Neden Gitmeliyim? Yabani erik, armut, muşmula ve çok daha fazla ağaca rastlayabileceğiniz orman içerisinde doğaya hayat veren bu çeşitli ağaçlarının arasında hizmet veren restoranlarda kahvaltı yaparak anın tadını çıkartmalısınız. Ardından ormana doğru bir yürüyüş yaparak oksijene doyacaksınız. Yolunuz Edirne’ye düştüğü takdirde rotanızı buraya çevirerek çeşitli etkinlikleri gerçekleştirebilirsiniz. İçerisinde; gazino, restoran, çocuk parkları, çay bahçeleri, çeşitli eğlence ve spor olanakları olan ormanda yaz aylarında mangal yapabilir, bisiklet kiralayarak kısa bir tura çıkabilirsiniz.
Burası Neresi? Toplamda 58 hektarlık alanı kapsayan Sarayiçi Tavuk Ormanı, Edirne bölgesindeki en önemli mesire alanlarından bir tanesidir. Denilene göre eski zamanlardan on binlerce tavuğun yetiştirildiği bir yer olması sebebiyle Tavuk Ormanı adını almıştır. Ormanın içerisinde pek çok şifalı bitki bulunuyor olup, Avcı Mehmet olarak bilinen Padişah IV. Mehmet tarafından 1671’de inşa ettirilen av köşkü de bu ormanda yer almaktadır. Yaz aylarında bisiklet sürmek için uygun olan bu orman, bu dönemlerde oldukça yoğun ilgi görmektedir.
Burası Neresi? Toplam 6000 hektarlık alanı kapsayan Gala Gölü, çeşitli balık türlerini barındırmaktadır. Bunlardan; yılan balığı, sudak, sazan gibi ekonomik değeri hayli yüksek olan balıklar da bulunuyor. Gölün etrafı nilüfer, su sümbülü ve sazlıklarla çevrili olup oldukça zengin bir floraya sahiptir.
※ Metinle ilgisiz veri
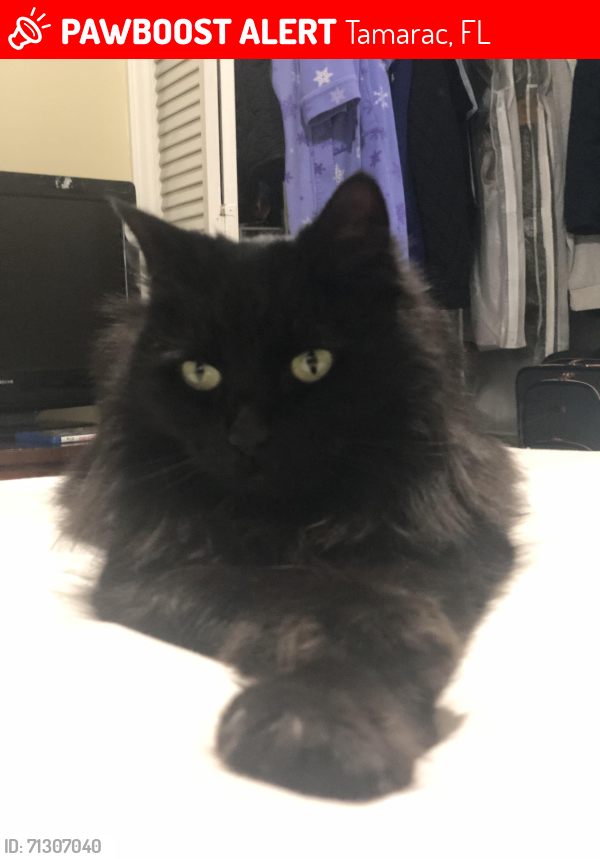 Lost Female Cat last seen Mcnab Road and pine island road , Tamarac, FL 33319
Böylelikle göze hitap eden güzellikte bir görüntü oluşuyor. Enez ilçesine 10 kilometre uzaklıkta yer alan Gala Gölü, doğa ile iç içe olabileceğiniz bir diğer doğal güzellik. 2005 senesinde milli park olma İçerisinde Küçük Gala ve Pamuklu Gölleri’nin yer almaktadır. Kuşların cirit attığı Gala Gölü, Meriç deltasının en bereketli yerlerinden biri olup Enez ve İpsala ilçelerinin arasında nesli tükenmekte olan kuş türlerini barındırmaktadır. Bunlardan bazıları; tepeli pelikan, bayağı aynak ve karabataktır.
Burası Neresi? Erikli Sahili’nin arkasında yer alan Erikli Tuz Gölü, oldukça geniş olup çok çeşitli kuşlara ev sahipliği yapmaktadır. Dünyada kendi kendini temizleyen üç körfezden biri olma niteliğini taşıyan Erikli Tuz Gölü, doğal bir tuz gölü olup harikulade bir görüntüyü sunuyor.
Burası Neresi? Edirne’nin Enez ilçesinde yer alan Enez Dalyan Gölü, 3-4 kilometrelik alanı kapsamaktadır. Gölü besleyen akarsuların taşımakta oldukları su miktarı yaz ve kış aylarında değişkenlik gösterir. Su tuzlu ve sodyumlu olup, herhangi bir şekilde kullanılmamaktadır. Gölün etrafı kumluk olup, herhangi bir bitki örtüsüne sahip değildir. Çevresinde pek çok kuşu görmeniz olası.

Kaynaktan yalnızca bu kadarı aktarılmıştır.